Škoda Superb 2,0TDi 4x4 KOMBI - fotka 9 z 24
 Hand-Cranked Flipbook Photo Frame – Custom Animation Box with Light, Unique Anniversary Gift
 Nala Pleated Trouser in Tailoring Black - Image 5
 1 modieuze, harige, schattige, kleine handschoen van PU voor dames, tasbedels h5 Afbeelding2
-.-.-
**Problem requirements:**
Exactly the lines from the one containing "Nala Pleated Trouser" through the end of the listing above, inclusive, are to be written out, and no others.

**Answer section:**
 Nala Pleated Trouser in Tailoring Black - Image 5
 1 modieuze, harige, schattige, kleine handschoen van PU voor dames, tasbedels h5 Afbeelding2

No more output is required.